On the last day of 2018, the Democratic nomination contest for president in 2020 has definitively begun, with the first truly “top-tier” candidate announcement: Sen. Elizabeth Warren’s video (see below), released this morning. According to Sen. Warren (bolding added by me for emphasis):
For a few thoughts by yours truly on this announcement, see below the video.
First off, I admire Sen. Warren greatly and think she’d make an excellent president. I was strongly considering supporting her if she ran in 2016, was disappointed she didn’t run then, and have written favorably about her many times (e.g., see Video: Elizabeth Warren Lays out 11 Core Progressive Values We Are Willing to Fight For and Sen. Elizabeth Warren on Calling the Republicans’ Bluff, for instance).
However (you knew a “however” was coming?)…my gut tells me that her best shot was in 2016, but she decided not to run in that election, basically stepping aside for Hillary Clinton (and also opening the door to Bernie Sanders, whose support base overlapped heavily with Warren’s). This time around, after the Sanders phenomenon and near-upset win in 2016, I feel like a lot of Warren’s natural, most enthusiastic supporters have moved on, and that she simply might have missed her moment. It will be even worse for her if Sanders runs, because again, their natural bases – and messages (e.g., in her announcement video, she talks about “billionaires and big corporations”), in many ways – overlap heavily.

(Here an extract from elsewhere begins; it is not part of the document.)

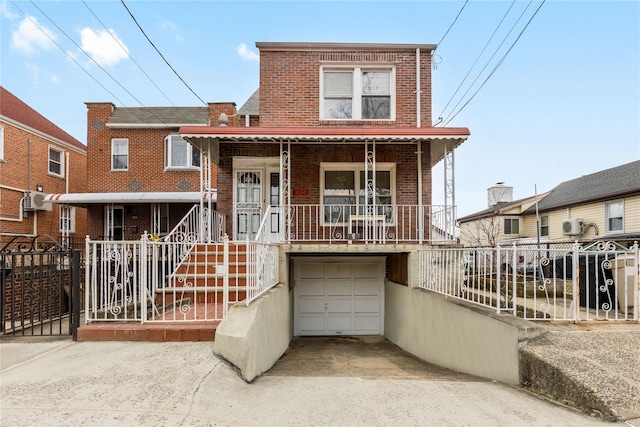 view of front of house with a garage and covered porch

My other concern with Warren is that she might not be our most electable candidate in 2020. And to be blunt, about the ONLY thing I care about in the 2020 presidential race is taking back the White House; whoever I think is best able to do that is likely who I’ll end up supporting. Why do I say that, and not mention ideology or specific positions on the issues or whatever, as I normally would have in the past? Because, unlike in many past elections, this time we can’t afford to lose – it’s existential, basically, unless you think we can survive (our democracy? the environment?) another term of “President Trump,” assuming we even make it through the next two years intact. And as this Vanity Fair article a few days ago argued:
“Republicans are happy to run against any progressive who tries to compete with Trump at the game he perfected. But they desperately fear another Barack Obama…Without naming names, I asked several senior Republican insiders which Democrat, or Democrats, at the top of the opposition ticket would most reassure them about 2020. Without exception, Elizabeth Warren, the 69-year-old progressive senator from Massachusetts, topped every wish list. ‘There’s a lot of Hillary Clinton in her,’ said a veteran Republican operative in D.C. who hails from the Midwest and keeps a close eye on the heartland. ‘She’s elitist and doesn’t appear very nimble. It would be hard for her to expand her base or reach directly into Trump’s base.'”
Now personally, I wouldn’t call her “elitist” at all (as @TopherSpiro of the Center for American Progress tweeted a few minutes ago, “Among all the progressives who will be running, Elizabeth Warren has perhaps the best personal story of rising from the lower class to fight for the people”). Nor am I even sure what “a lot of Hillary Clinton in her” means, except that coming from Republicans/right wingnuts, any mention of “Hillary” can be assumed to be intended as an insult. But I *do* tend to agree that it might be hard for Warren to “expand her base or reach directly into Trump’s base,” and I’m also concerned — particularly watching the ridiculous, obnoxious back-and-forth on “Pocahontas”/the DNA test — that Warren would try, and fail, to beat Trump at his own crazy/nasty game.
Just to be clear: I’m not arguing, as Michelle Obama famously advised, that Dems should follow the “when they go low, we go high” maxim. But I *do* think that to “go low” with Trump and actually beat him at that vicious game, a Democratic 2020 nominee would have to be very, very talented at said game. And I’m not sure, for all her many, many strengths, I see that in Sen. Warren. Still, let me conclude by stating clearly my great admiration for Sen. Warren, and by wishing her good luck on the campaign trail.